If you have, you may have guessed that when identifying Shalom Aleichem as a progenitor to your brilliance, I also recognised the verve of (Miguel) Cervantes. Obvious evidence for these facts is provided by scholarly analysis of your surname. Hebrew reading it back to front gives 'niw rab', which as you must know is pseudo-Afrikaans for 'new rabbi'. In addition, commutative permutation of beys and vov in Barwin results in 'war bin', a clear indication to the Great Spanish Armada. Shah 'leichem and Mitch Cervesa may shvitz as proud pro-parents, as they deservedly did about your literary brother Isaac Babel, but this casts no shadow whatsoever on the uniqueness of your talent, as the ladino song 'Que supiense y entendiense' clarifies: dos Moshe y Aaron, uno es il criador, barukh hu barukh shemo - two are Moishe and Aaron but one is their creator, may he be blessed and may his name be blessed. There is no denying that this confirms you as a baal shem. Do I seem to overlook Homeros in your literary ancestry? Or James Joyce?
You may have thought that while commenting on you, I was merely speaking about myself - az men red a sakh red men fun zikh.

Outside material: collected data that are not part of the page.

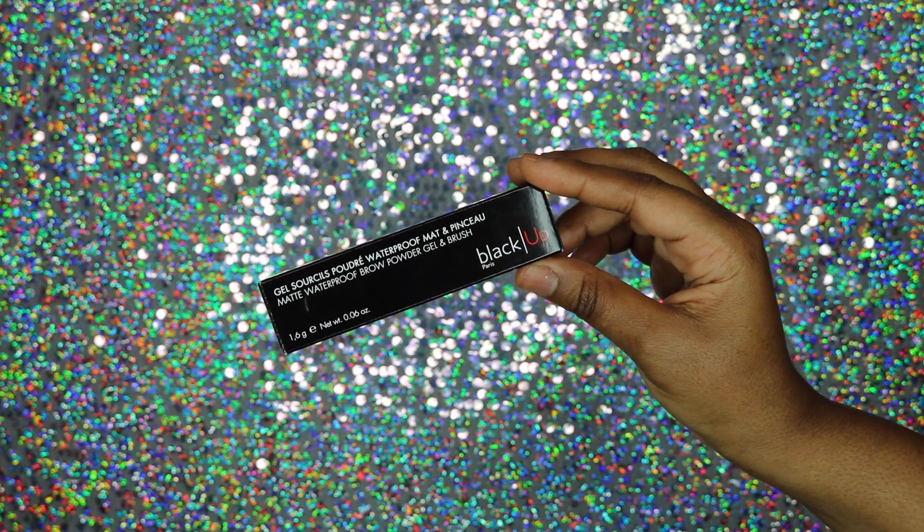I also got the Black Up gel waterproof brow powder gel with brush, and I used this on my eyebrows today. I really like it — the way they made it is so smart: brush on one end and you dip it into the gel on the other side. It gives you a powder-like finish that lasts all day. It does take a lot to get it off, but your eyebrows last all day, so I love that.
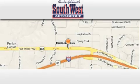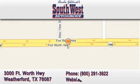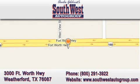Southwestautogroup.com is located at 3000 Fort Worth Highway in Weatherford. Our goal is to exceed all of your expectations to ensure that you return for future visits.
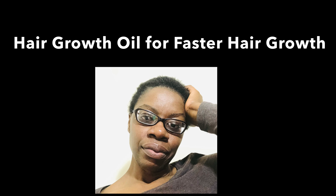Hi everybody. Welcome back to the channel. It's Samantha. Thank you so much for joining me. Today I'm going to show you how to make an amazing hair growth oil.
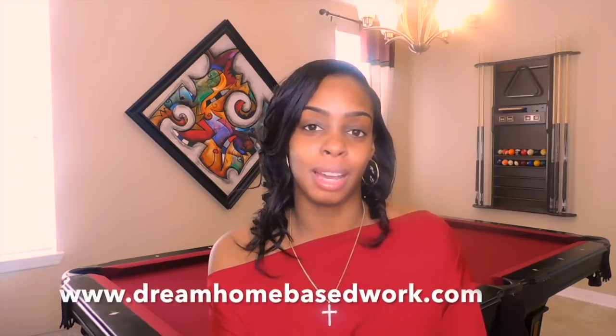And as always, if you're looking for any other work from home opportunities, make sure you check out my official website, dreamhomebasedwork.com. I'm starting to get more active on Instagram, so I'll leave a link in my description box below so you can follow me there and on Facebook as well. I really hope you guys enjoy the rest of your week. Take care.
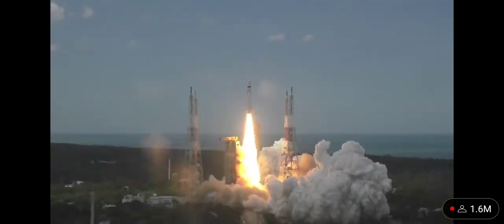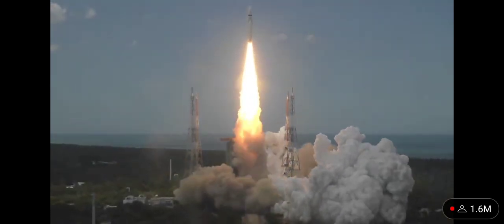Plus 5 seconds. Liftoff normal. P1 tracking. Here we have a majestic liftoff of LVM3 M4 rocket carrying India's prestigious Chandrayaan-3 spacecraft. P2 tracking. P3.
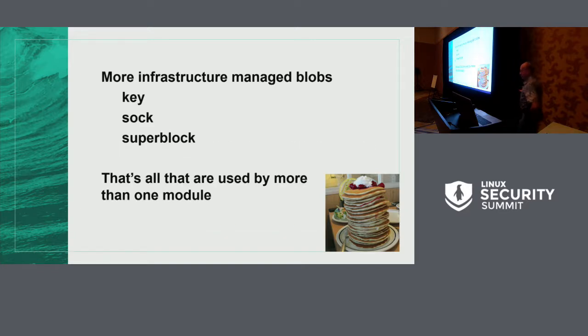In order to support full stacking, there are a few things we need to do. We need to make the key socket and superblock security blobs infrastructure-managed — that's just a few lines of code. Since we've done it for the other blobs, we know what to do. We can also improve performance of all the LSMs that use those blobs, similar to how we improved inode blob usage. For blobs used by only one module, we're taking the approach: if it isn't a problem, we're not going to fix it.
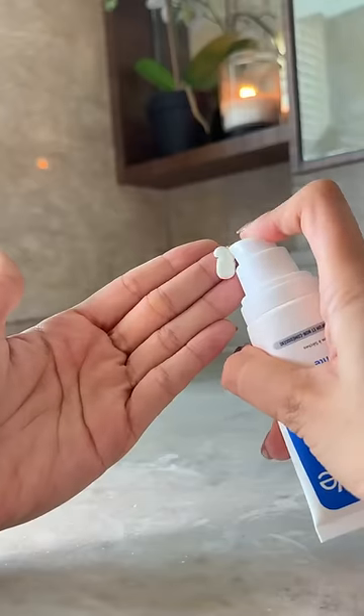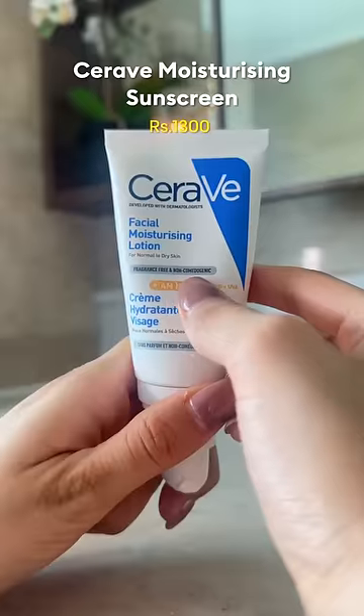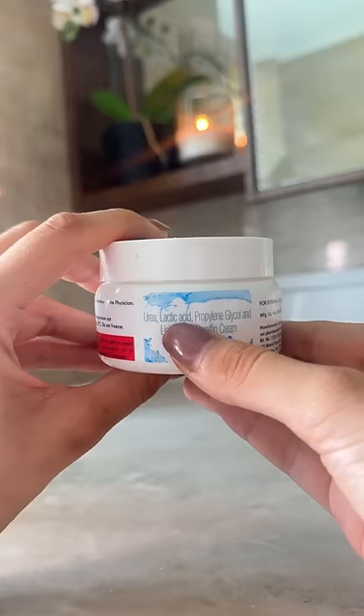By now we all know that sunscreen is important even in the winter, which is why I think the CeraVe Moisturizing Sunscreen is ideal — fragrance free, non-comedogenic, and extremely moisturizing.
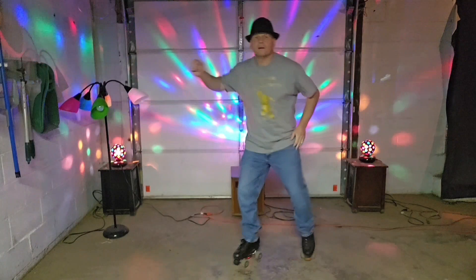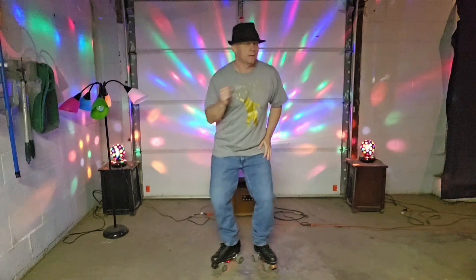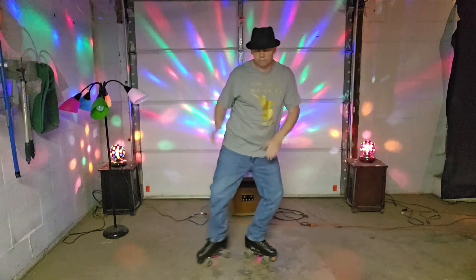Ladies and gentlemen, the one, the only, Disco Ball! Hello everyone! I hope everybody's awesome and safe out there. Today we're going to do a review on some more new Easter candy.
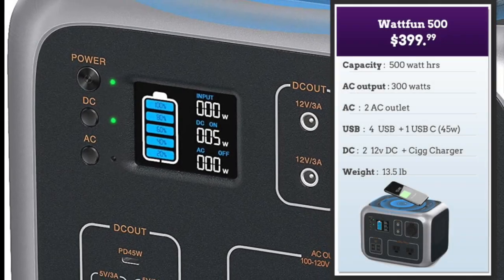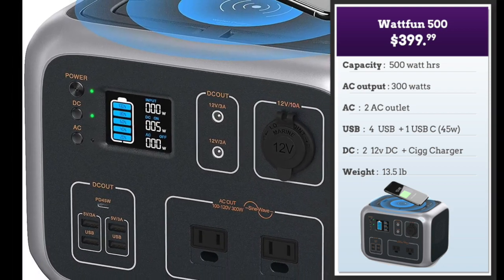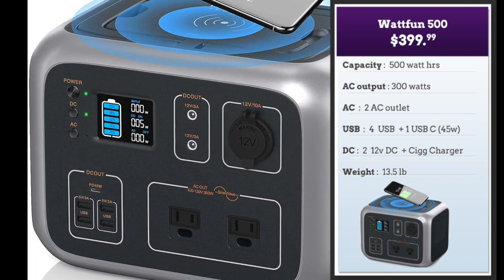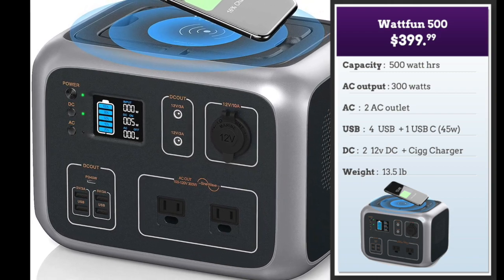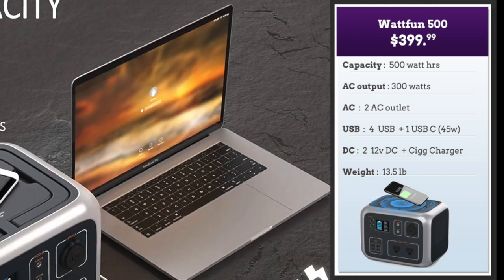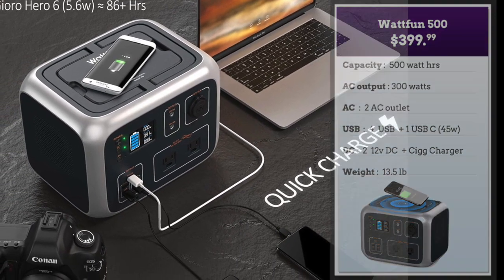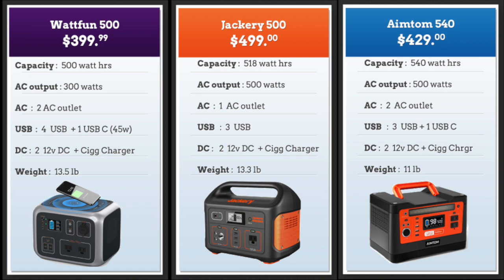Third is the Wattfun 500. It has a 500 watt hour capacity comparable to the other two but its AC output is lower at 300 watts, which is why it has a lower price tag of $399. Two AC outlets, four USB, one high-speed USB-C at 45 watts which is outstanding, and it also has wireless charging — you can charge compatible phones by just placing them on top. The unit is really good-looking and stylish at 13.5 pounds. Looking at the three, the Wattfun is best in terms of price, fast USB charging, and decent outputs. The AIMTOM 540 at $429 is the number-two value pick with 500 watts of output, and the Jackery 500 is number three.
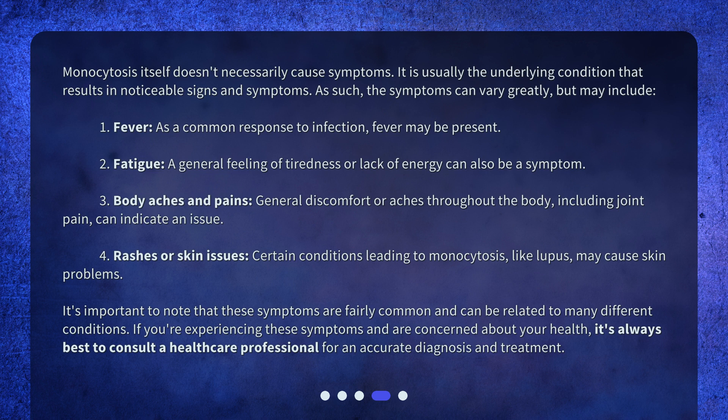3. Body aches and pains — general discomfort or aches throughout the body, including joint pain, can indicate an issue. 4. Rashes or skin issues — certain conditions leading to monocytosis, like lupus, may cause skin problems. It's important to note that these symptoms are fairly common and can be related to many different conditions. If you're experiencing these symptoms and are concerned about your health, it's always best to consult a healthcare professional for an accurate diagnosis and treatment.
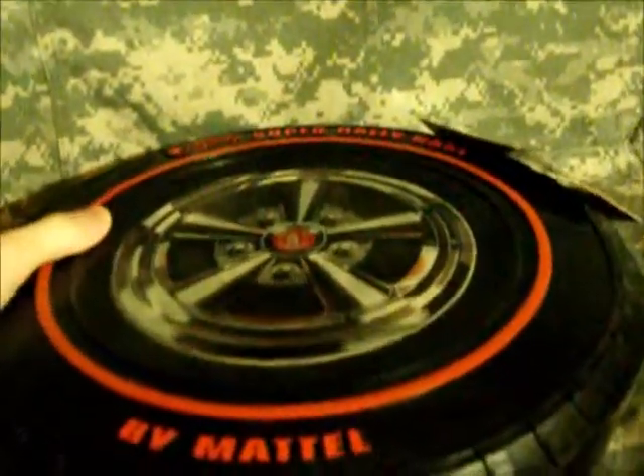All right everybody, back again, and this is another case. This is a replica Super Rally case. This one came out in 2007 as part of the Classic lineup.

You might even have wondered whether my offer about 'Le livre de Joseph' and 'Le garçon du Rwanda' was devoid of any after-thought. Well it jolly was and remains so. In ways of reassurance, both were published by the most reputable Editions de l'Aube, who pride themselves in discovering such excellent authors as Nobel Prize winner Gao Xin Gian or Vaclav Havel (they introduced those to French readers) and a florileggio of good French authors, + me for balance. Admittedly, I am not a real author, but a physician, teacher and scientific editor. Still.
If two seem too many, I would advise 'Le garçon du Rwanda' for a start but I am sorry to say it is only available in French.
With best wishes
Bernard Dan
bernard [dot] dan [at] ulb [dot] ac [dot] be
PS just seeing this. Félicitations!!